The current attacker, a young girl almost into her tenth year, found herself relieved of her stick. “Allow me,” said Helena, already squaring up on the unfortunate rug. The girl dived for cover as an impressive “whack” slip the air. Helena swung again, driving from the hips and with all the speed she could muster.
“Stupid,” she hissed between clenched teeth.
Whack!
“Blind.”
Whack!
“Pig headed.”
Whack!
“Old Mule.”
Whack!
“Arrogant.”
Whack!
“Son-of-a...”
Whack!
Whack!
Whack!
The rug was pulled down and another woven victim took its place.
Whack!
Whack!
Whack!
“Helena,” called a soft, yet firm voice behind her. Helena whirled about; stick raised.
Her mother, Eros, stood there: black and silver hair tied back with a cloth, arms crossed, a knowing look and half smile etched on her face. For several moments the two faced each other. Then Helena let out a breath she hadn’t realized she was holding. She dropped the stick and brushed the worst of the dust from her clothes. As cordially as possible, she asked, “yes mother?”
The older woman held her look a moment longer before opening her arms. “Come here my child,” she said, and Helena obeyed. The two embraced for several moments amongst the curios and prying eyes of the children. Then her mother whispered in her ear, “your father wishes to apologize, but does not know how to do so in so many words. Already he is arranging a Bankett in leu of your christening, my little hero.”
Upon hearing these words, Helena let herself sag into her mother, her anger and fears melting away like butter in the summer sun. She felt heavy, yet joyful. “Thank you, mother,” she whispered back.
“Do not thank me, thank you father. All I did was help him see sense. Now go, bathe, for Helios is already drawing you a bath behind our wagon. Put on your finest dress, for tonight is your night, my little hero.”

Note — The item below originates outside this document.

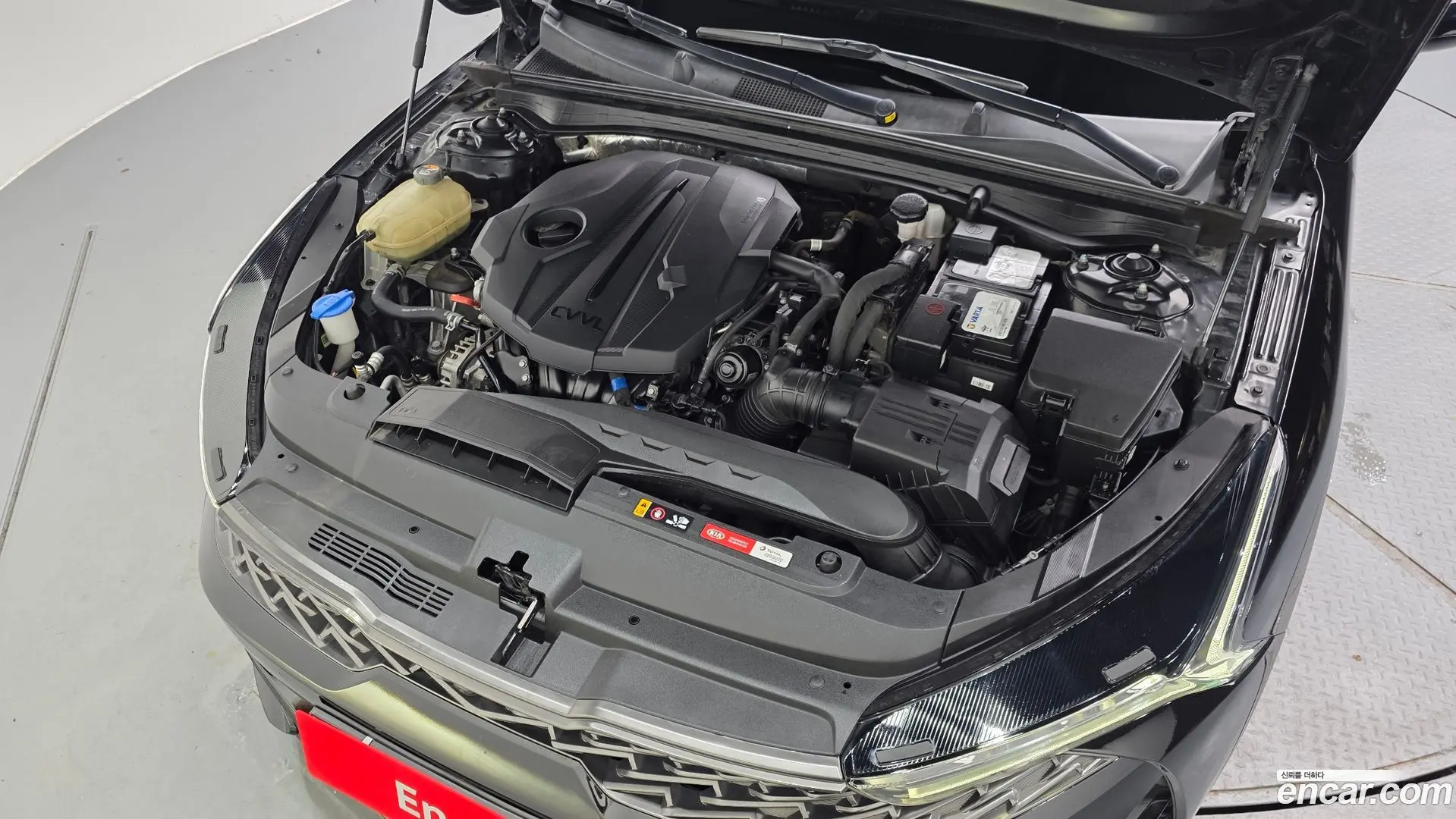 Kia K5 2.0 2019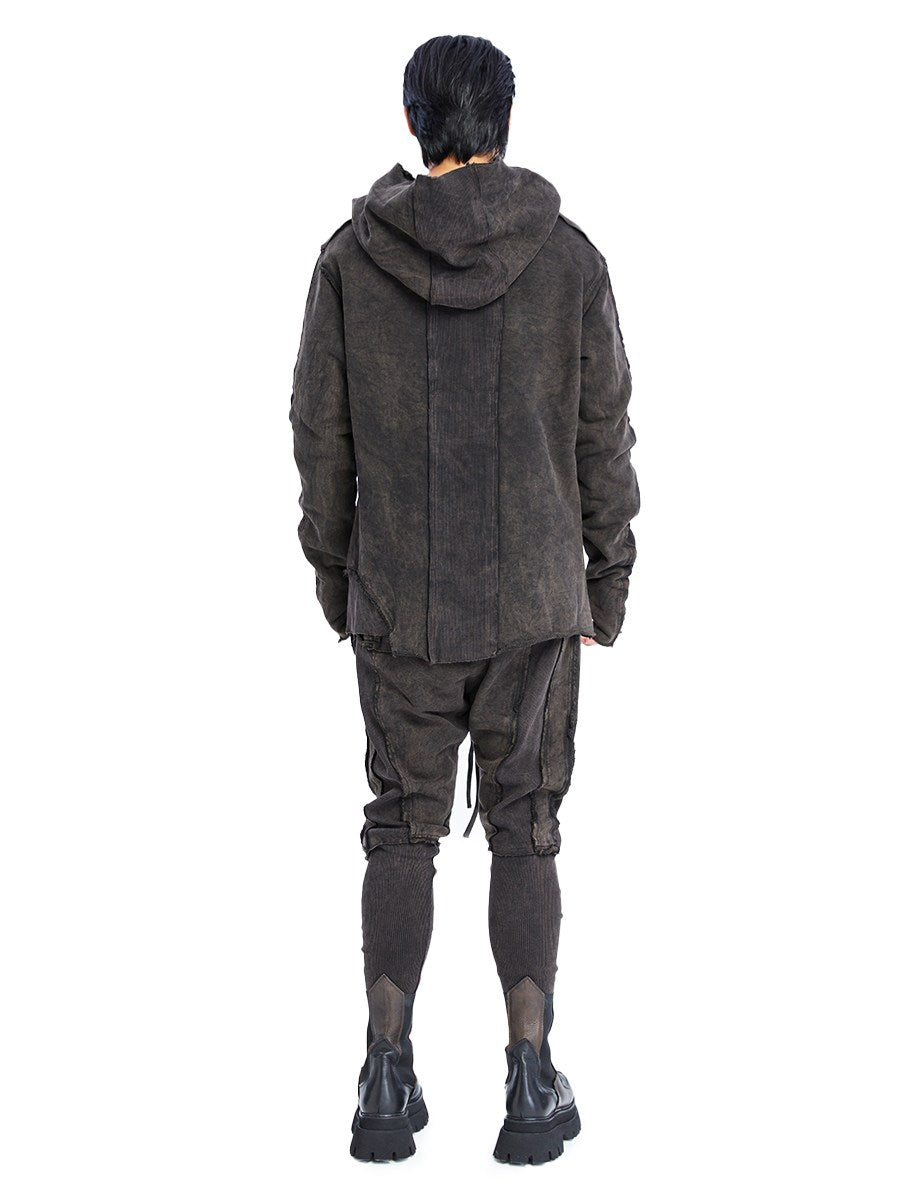 RIBBED SWEATS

The scene was a jubilant one: tables and chairs set out in a rough semicircle, with the new hero placed at its head. Behind them, the campfire burned high, smoke rising with ruckus laughter into the night sky. Helena sat between her parents, flushed with wine. Her face burned and she tried to hide from yet another embarrassing childhood story. The speaker stepped down and Thales, her father’s brother, took to center. He regaled the camp, and the fifty attendees, about the time Helena came streaking through camp, covered in mud, “and not a scrap of cloth to cover her little bum,” he concluded.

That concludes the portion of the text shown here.